# Regulatory Compliance Category > BEE and Employment Equity Forum >  are the BEE cracks starting to show?

## duncan drennan

It seems the internal debate is hotting up around the growth vs. BEE issues...something the delay of the final codes seems to be centred around.




> It would seem the cracks of the disagreements in government stem from deep-seated ideological positions. The old debate about what should come first between growth and BEE is back and the debate seems to be raging within and between key ANC government centres.
> _________________
> 
> In certain circles, the BEE-first approach is seen as an obstacle to government's ambitious infrastructure development programme. This view was best captured in a recent speech by public enterprises minister Alec Erwin when he referred to BEE as a luxury that should not hinder the state's capital expenditure plan. Government has budgeted more than R400bn on its infrastructure programme over the next five years to boost growth.
> 
> Erwin was quoted as saying: "Everything is a race at the moment... Yes, we must ensure there is BEE and women's empowerment, but none of these can delay the roll-out of these projects. We cannot afford that luxury. It is pointless having a BEE economy that is growing at 1%. We have to hit the growth rate."
> 
> Full article on the Financial Mail


In the article they mention rumours that the exemption limit may be raised to R25m. At the moment I'm holding thumbs for the growth side of the argument, and I _think_ that the 2010 world cup is playing a big role in this.

----------


## Dave A

Interesting that BEE priorities are even remotely acknowledged in the corridors of power as harmful to national growth.

----------


## Yvonne

Besides the concern and fear of the outcome of B.E.E. I am experiencing extreme stress waiting for the final publication of the Codes. 
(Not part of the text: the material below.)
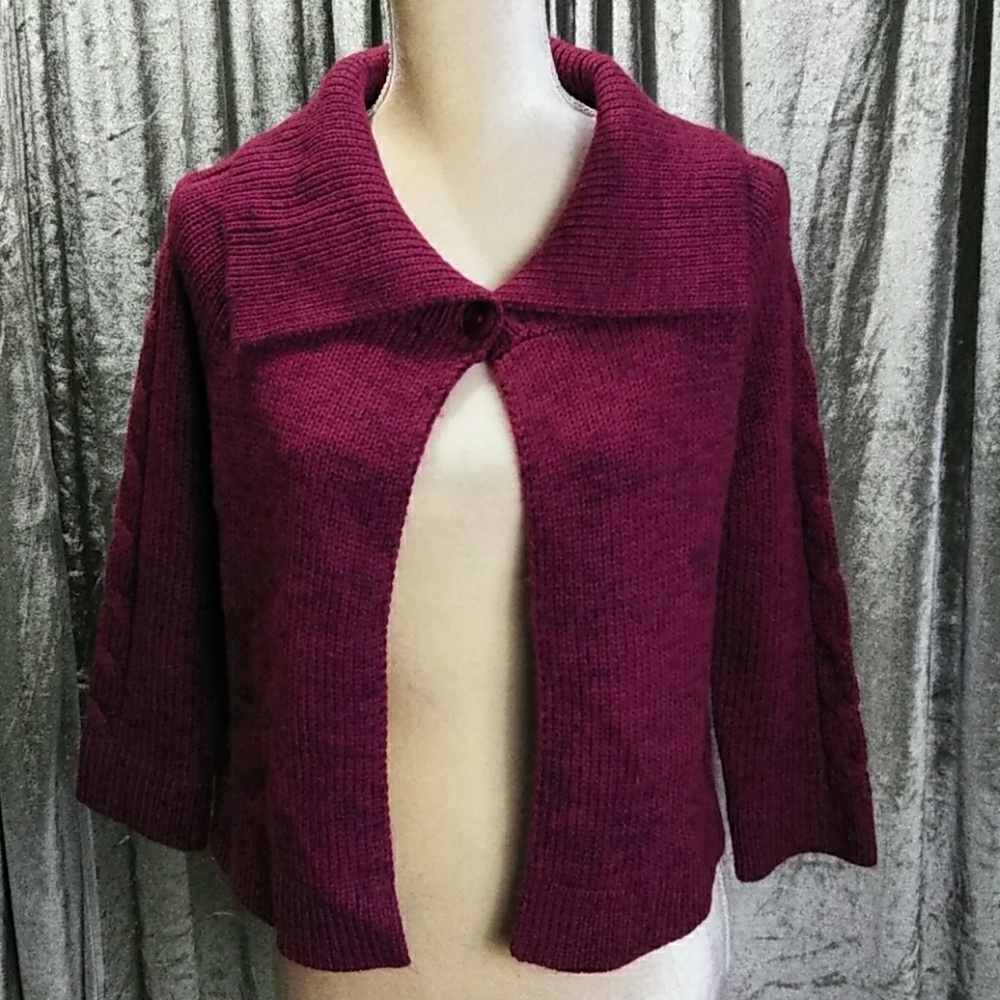 New York & Company Magenta Sweater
Surely S.M.E.'s have some right to a deadline? 

I believe it is having an adverse affect on our business, as we are constantly receiving requests for our B.E.E. score or policy: which we presently "stall", claiming we are waiting for the final publication of the codes.
The end result could be our being labelled as "unwilling and uncoperative" with some of our major clients.

The company operates in very small niche market - and is possibly a perfect "case study" for experiencing difficulty with compliance with the B.E.E. codes.

The present indication is that the majority of our clients will require B.E.E. compliance in order to score sufficiently for their own compliance, hence the constant requests for information.

This is "Death" row stuff for the financial viability of our company,and waiting for news of a possible pardon! 
Praying really hard that the turnover limit is increased dramatically - the hints and rumours are just make the waiting harder!
The very first thing I look for on the forum is B.E.E. news!

Yvonne Symons

----------


## Dave A

Yvonne, I feel your pain and you are far from alone.

If only companies would band together to press government on this issue. At the moment everything is so haphazard and folks in the danger zone are getting squeezed.  :Frown:

----------